* [Dataset extract]
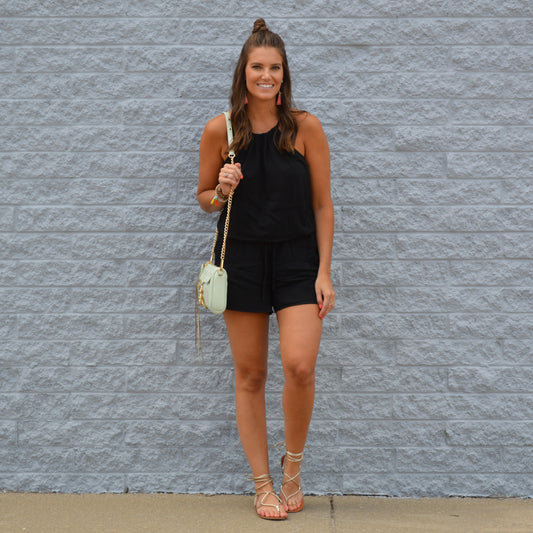 Black Romper on Repeat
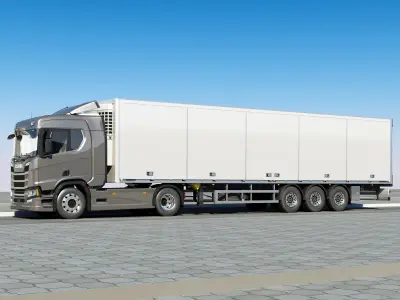 Truck model R 500  3D model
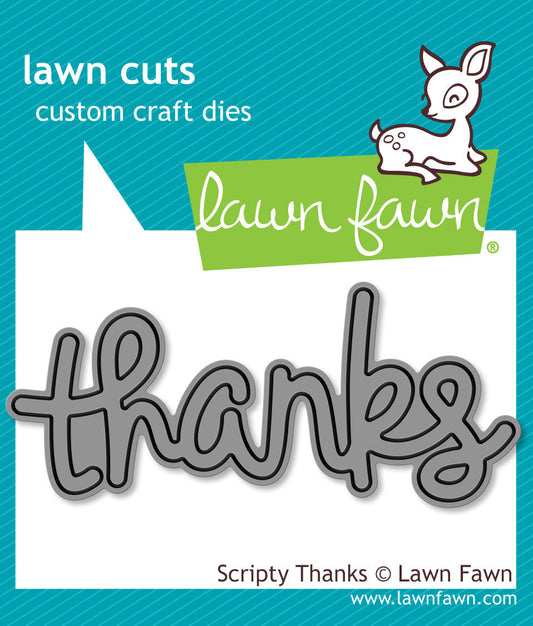 Lawn Fawn - Scripty Thanks
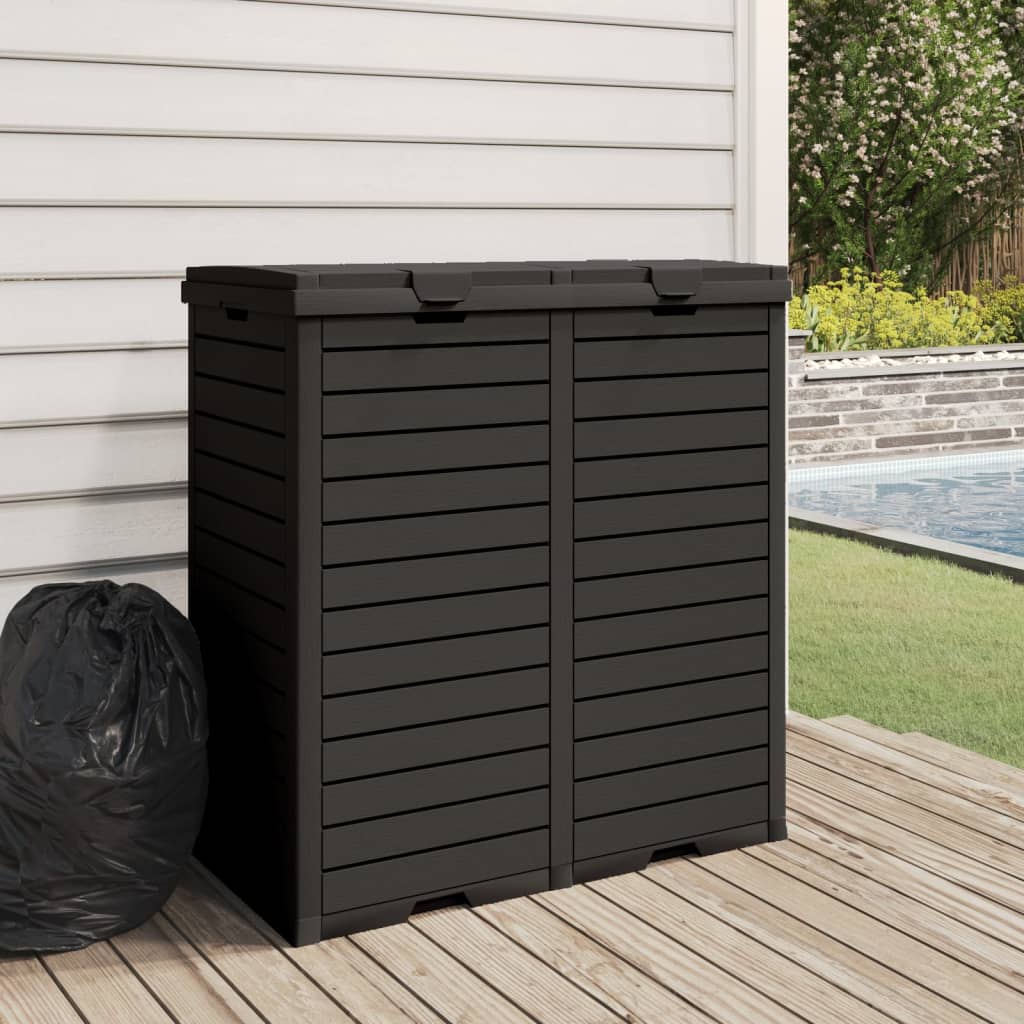 Outdoor Bin Black 78x41x86 cm Polypropylene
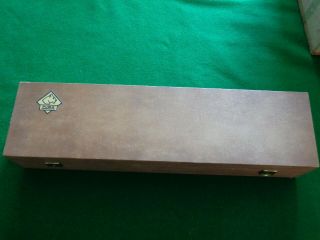 Old Puma Wooden Box Waidblatt Knife Set 30 - 1822 - Box Only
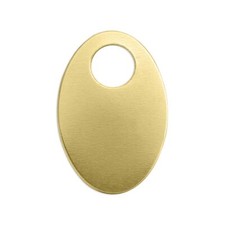 ImpressArt Oval Washer, 1 1/4", Brass, Premium Metal Jewelry Discs, 24 pc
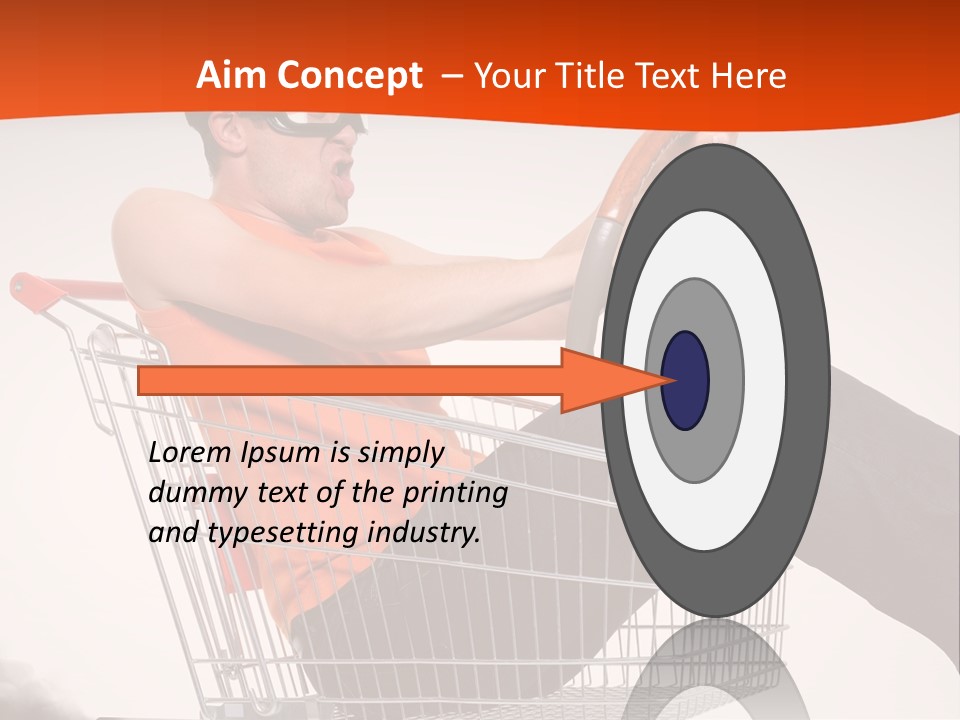 Goggles Male Trolley PowerPoint Template
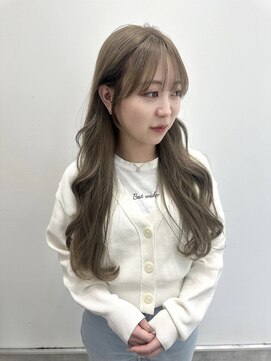 レシピ(recipe) milktea beige／顔まわりカット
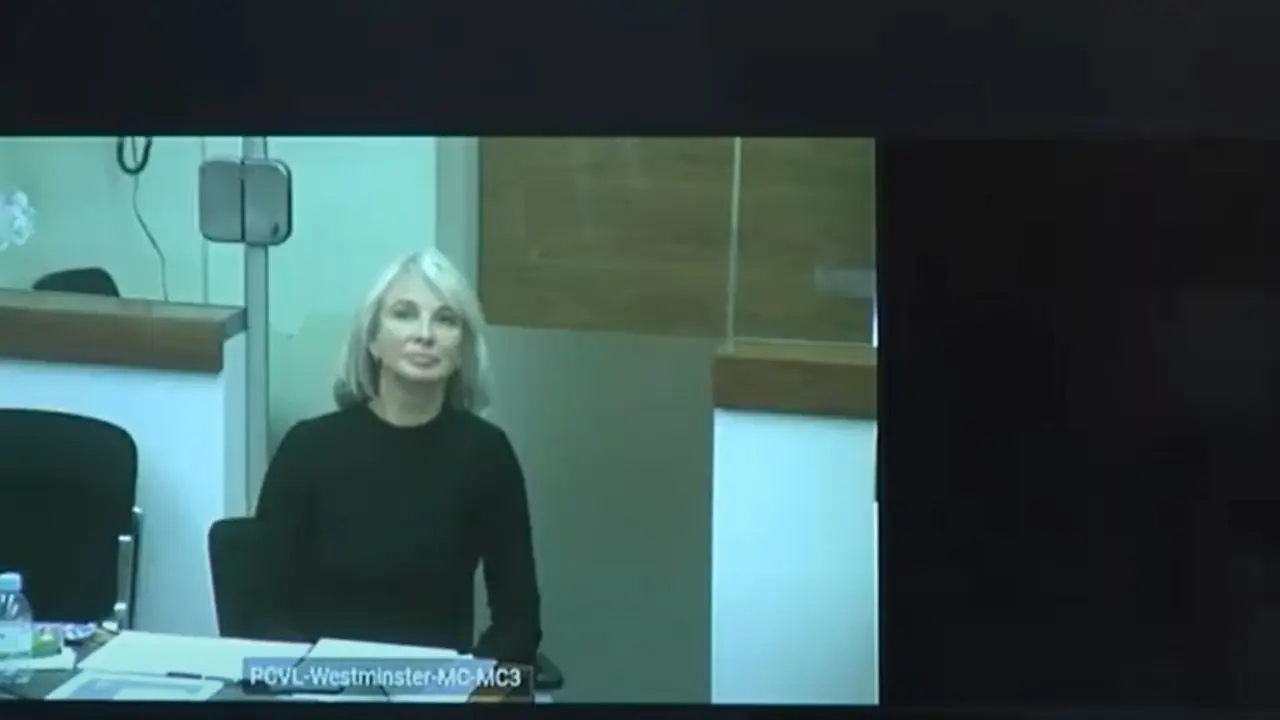 Archivo - Declaraci&oacute;n por videoconferencia de Corinna Larsen en el juicio contra el comisario Villarejo.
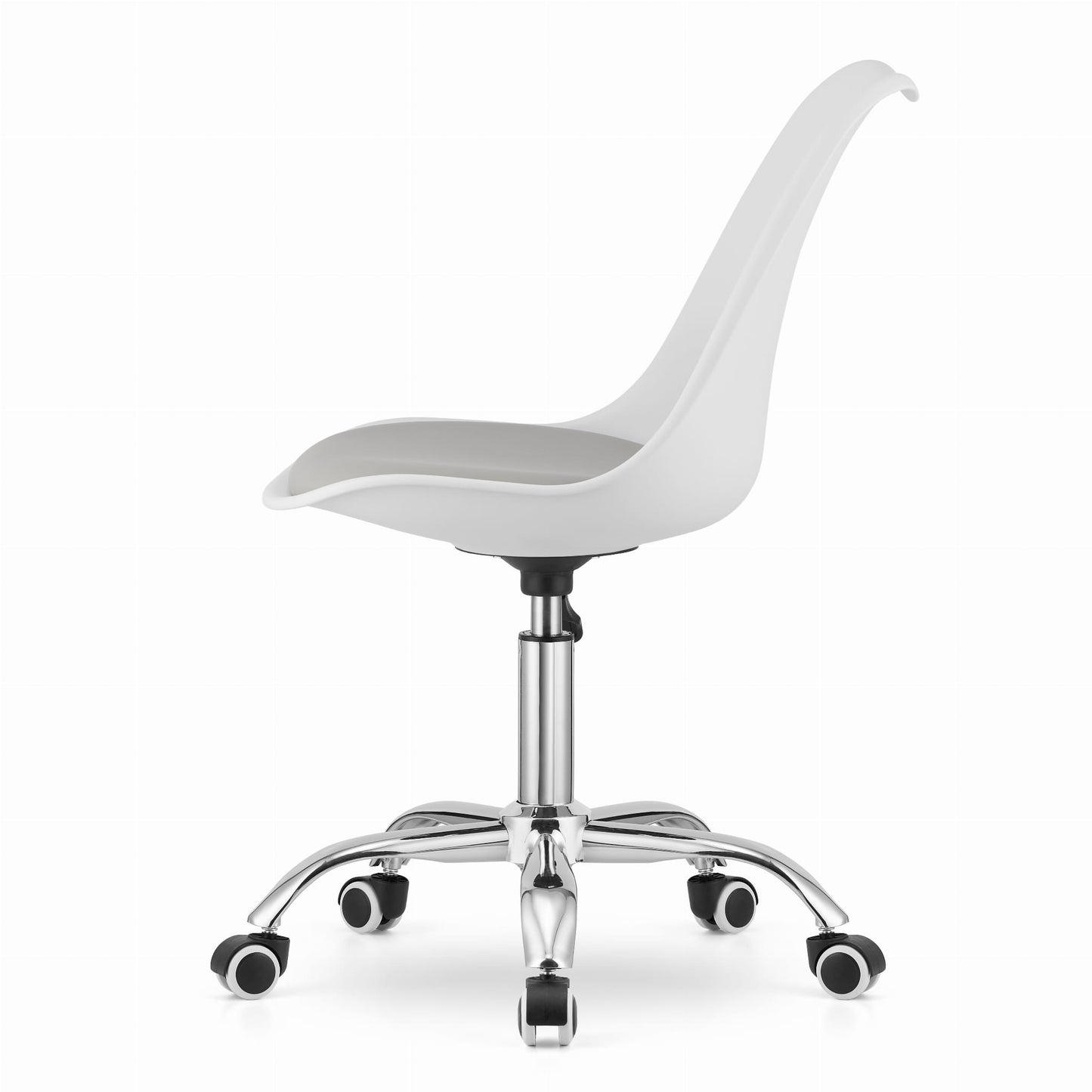 Bureaustoel - Ergonomisch, Verstelbaar, Eco-leder - Wit/Grijs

* [What you should do] The required result is the entries above, printed exactly from the first line through the line with "レシピ(recipe) milktea beige／顔まわりカット", pictures excluded.

* [Written solution]
 Black Romper on Repeat
 Truck model R 500  3D model
 Lawn Fawn - Scripty Thanks
 Outdoor Bin Black 78x41x86 cm Polypropylene
 Old Puma Wooden Box Waidblatt Knife Set 30 - 1822 - Box Only
 ImpressArt Oval Washer, 1 1/4", Brass, Premium Metal Jewelry Discs, 24 pc
 Goggles Male Trolley PowerPoint Template
 レシピ(recipe) milktea beige／顔まわりカット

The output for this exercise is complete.